Spark is available in the Universe and can be installed by using either the GUI or the DC/OS CLI.

Prerequisites:

Default Installation

To install the DC/OS Apache Spark service, run the following command on the DC/OS CLI. This installs the Spark DC/OS service, Spark CLI, dispatcher, and, optionally, the history server. See Custom Installation to install the history server.

dcos package install spark

Go to the Services > Deployments tab of the DC/OS GUI to monitor the deployment. When it has finished deploying , visit Spark at http://<dcos-url>/service/spark/.

You can also install Spark via the DC/OS GUI.

Spark CLI

You can install the Spark CLI with this command. This is useful if you already have a Spark cluster running, but need the Spark CLI.

Important: If you install Spark via the DC/OS GUI, you must install the Spark CLI as a separate step from the DC/OS CLI.

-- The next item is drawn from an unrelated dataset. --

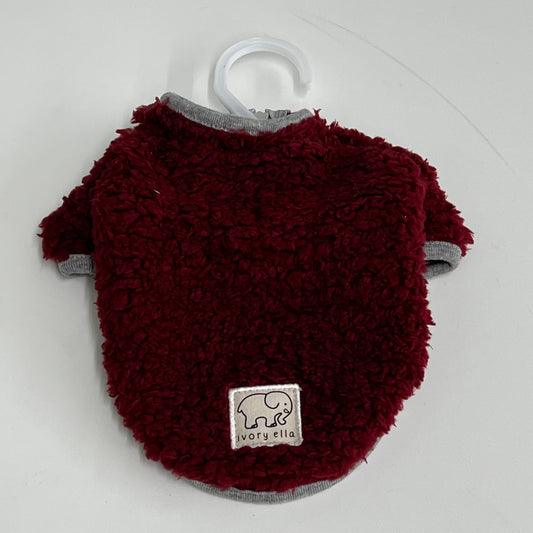 Sherpa Fleece Pullover- Cranberry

dcos package install spark --cli

Custom Installation

You can customize the default configuration properties by creating a JSON options file and passing it to dcos package install --options. For example, to install the history server, create a file called options.json:

{
  "history-server": {
    "enabled": true
  }
}

Install Spark with the configuration specified in the options.json file:

dcos package install --options=options.json spark

Tip: Run this command to see all configuration options:

dcos package describe spark --config

Customize Spark Distribution

DC/OS Apache Spark does not support arbitrary Spark distributions, but Mesosphere does provide multiple pre-built distributions, primarily used to select Hadoop versions.

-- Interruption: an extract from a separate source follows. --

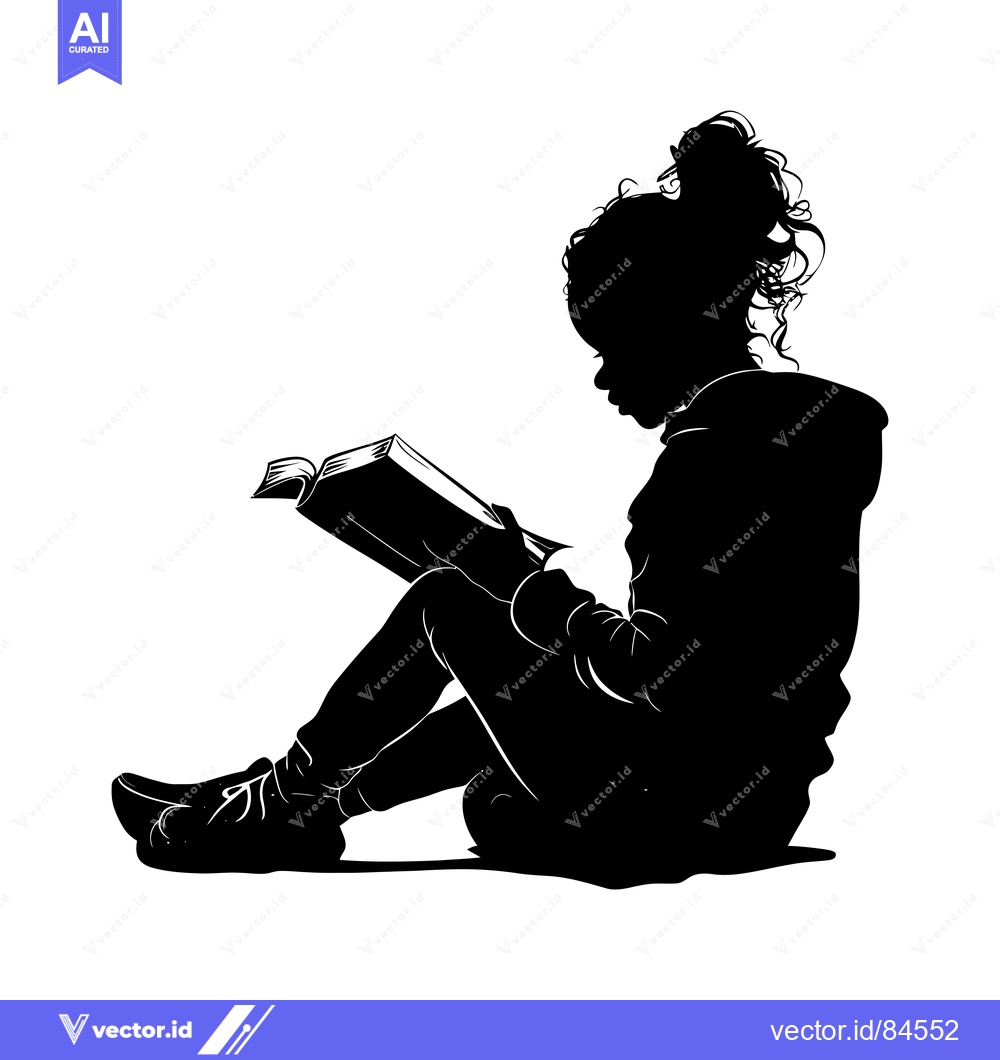 Premium Vector of Silhouette of a Young Girl Sitting and Reading a Book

To use one of these distributions, select your Spark distribution from here, then select the corresponding Docker image from here, then use those values to set the following configuration variables:

{
  "service": {
    "spark-dist-uri": "<spark-dist-uri>",
    "docker-image": "<docker-image>"
  }
}

Minimal Installation

For development purposes, you can install Spark on a local DC/OS cluster. For this, you can use dcos-vagrant.

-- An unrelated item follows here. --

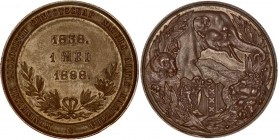 Medaillen alle Welt: Niederlande: 1888, Bronzemedaille in sehr schöner bis vorzüglicher Erhaltung mit einem Elefanten, 2 Löwen und 2 Wappen auf der Vo...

  1. Install DC/OS Vagrant:

    Install a minimal DC/OS Vagrant according to the instructions here.

  2. Install Spark:

    dcos package install spark
    
  3. Run a simple Job:

    dcos spark run --submit-args="--class org.apache.spark.examples.SparkPi http://downloads.mesosphere.com.s3.amazonaws.com/assets/spark/spark-examples_2.10-1.5.0.jar"
    

NOTE: A limited resource environment such as DC/OS Vagrant restricts some of the features available in DC/OS Apache Spark. For example, unless you have enough resources to start up a 5-agent cluster, you will not be able to install DC/OS HDFS, and you thus won’t be able to enable the history server.

Also, a limited resource environment can restrict how you size your executors, for example with spark.executor.memory.

Multiple Installations

Installing multiple instances of the DC/OS Apache Spark package provides basic multi-team support. Each dispatcher displays only the jobs submitted to it by a given team, and each team can be assigned different resources.

To install multiple instances of the DC/OS Apache Spark package, set each service.name to a unique name (e.g.: spark-dev) in your JSON configuration file during installation. For example, create a JSON options file name multiple.json:

{
  "service": {
    "name": "spark-dev"
  }
}

Install Spark with the options file specified:

dcos package install --options=multiple.json spark

Alternatively, you can specify a Spark instance directly from the CLI. For example:

dcos config set spark.app_id spark-dev